C’est un véritable trésor de savoir-faire en maroquinerie qui s’est développé dans la plaine de Recourdiès à Briatexte. Depuis les semelles en cuir que fabriquaient Adeline puis Odette, et encore Laurette, les aïeules de l’actuel gérant Philippe Serres, les petites mains coupent, cousent, collent, bordent avec dextérité chaque pièces de cuir. Des cuirs de provenance locale, régionale ou française. Ici, la main d’œuvre représente 50% du coût du produit fini.
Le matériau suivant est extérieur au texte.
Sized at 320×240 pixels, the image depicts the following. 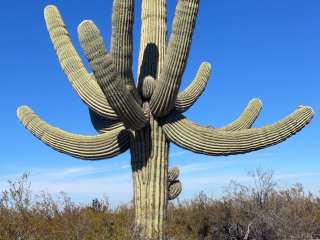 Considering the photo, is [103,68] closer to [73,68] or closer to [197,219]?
[73,68]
Dans l’atelier, une quinzaine de personnes à grande majorité féminine s’affaire à terminer une belle commande de grands sacs à main, très haut de gamme, pour un client…Japonais. Environ 40% du chiffre d’affaires de 900.000 euros, en progression, est en effet réalisé à l’export principalement au Japon, mais aussi en Angleterre et un peu aux USA. Des clients trouvés à Paris, sur les deux ou trois salons professionnels de Made in France.

Co-traitance haut de gamme

« Nous travaillons en co-traitance avec les grands noms de la haute-couture et du prêt-à-porter de luxe comme Jean-Paul Gaultier, Lacroix, Hermès. Tous nos modèles sont créés sur place à partir de leurs desiderata. Nous assurons un rôle de conseil auprès d’eux sur le choix des peaux, des modèles etc. », explique Philippe Serres, le chef d’entreprise qui essaie d’implanter sa propre marque éponyme sur le marché. Un passionné de la matière et de ses applications sous toutes les coutures. La maison Serres vient de recevoir le label Entreprise du Patrimoine Vivant (EPV), une marque de reconnaissance de l’excellence de l’Etat.

Besoin d’investissement et de soutien

Or, malgré un succès indéniable et une pluie de commandes, l’entreprise est freinée pour l’heure dans ses perspectives. Après un redressement judiciaire, en 2009, elle a dû changer de politique commerciale et trouver 80% de nouveaux clients pour pallier à la perte de chiffre d’affaire et aux licenciements d’une trentaine de personnes. Car après les années euphoriques, il lui a fallu réduire la voilure en passant par la voie judiciaire. Un mal nécessaire pour sauver l’entreprise. « Nous sommes en pleine expansion mais faute de pouvoir investir à ce jour, nous ne pouvons répondre qu’à 10% du potentiel de commandes », regrette le dirigeant qui espère un déblocage de la situation. Ce qui lui permettrait d’embaucher à nouveau.
Anne-Marie Bourguignon
Photos A-M. B.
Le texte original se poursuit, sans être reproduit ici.